Careful not to get too far ahead of himself but believing, “He will be in [his] prime at that time,” Merritt feels, “as a hurdler you get better with age,” and hence remains cautiously optimistic regarding the promise of Brazil 2016 where a defense of his Olympic gold title would permanently cement his hurdling legacy becoming the first man since Roger Kingdom in 1984 Los Angeles and 1988 Seoul to repeat as Olympic 100-meter Hurdles Champion.

But more immediately are the 2013 World Championships in Moscow which Merritt understands to be a reinforcing component to his other worldly 2012 season as well as a key building block to his legacy.

“Outdoor, I’m going to run the majority of the Diamond League races … because it’s all going to be part of preparation,” stated Merritt acknowledging an existing “discrepancy” as both he and 2011 World Champion Jason Richardson are both the owners of automatic entry bids for the IAAF 2013 World Championships.

An IAAF rule change in Nov. of  2011 awarded Diamond League winners an automatic ‘wildcard’ entry into the World Championships.

And as it is ever year in late June, the top three of each event from the USA Track & Field Championships will make the U.S. Team; however, the unique situation of dual wildcard recipients as yet remains unresolved by USATF.   “I don’t know if they’re allowed to take both,” questioned Merritt still awaiting an answer from the governing body as it will alter his training, “If I don’t run USA’s I’ll be able to train through that meet as opposed to trying to peak for that meet.”

Nehemiah ultimately clarified, “If you have a wildcard, you will have to go to USA Championships; you don’t have to obviously place, but you have to at least enter and run one round.”  Hence, alleviating the critical, nerve-racking process for Merritt of first having to make the team in order to compete on the world stage.

And in 2013, with the recent withdrawal of Cuba’s Dayon Robles and China’s Liu Xiang succumbed to a fully ruptured Achilles tendon, it is a stage that will be absent both former world record holders for the foreseeable future.

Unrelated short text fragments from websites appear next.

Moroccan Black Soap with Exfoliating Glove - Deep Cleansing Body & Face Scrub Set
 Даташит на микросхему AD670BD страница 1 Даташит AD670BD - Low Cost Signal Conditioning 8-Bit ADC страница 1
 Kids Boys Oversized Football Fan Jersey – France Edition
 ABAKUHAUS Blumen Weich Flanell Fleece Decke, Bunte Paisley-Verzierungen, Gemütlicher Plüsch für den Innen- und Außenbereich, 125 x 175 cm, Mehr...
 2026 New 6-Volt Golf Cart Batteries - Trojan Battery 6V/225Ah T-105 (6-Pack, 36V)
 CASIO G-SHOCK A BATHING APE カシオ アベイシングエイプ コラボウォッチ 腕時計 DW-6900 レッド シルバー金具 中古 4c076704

“It’s a blow to our event because that’s what made my event so exciting because it just wasn’t an American that could win; it was a Chinese or Cuban that could challenge as well,” explaining Merritt believing it may, “hurt the event a little bit, but as long as we keep having people line-up that are running fast times, I think we’ll be alright.”

Nehemiah concludes, “I think it’s slim pickings as far as people who can run under thirteen, who are out there right now, and so for the sport itself, all eyes are on Aries.”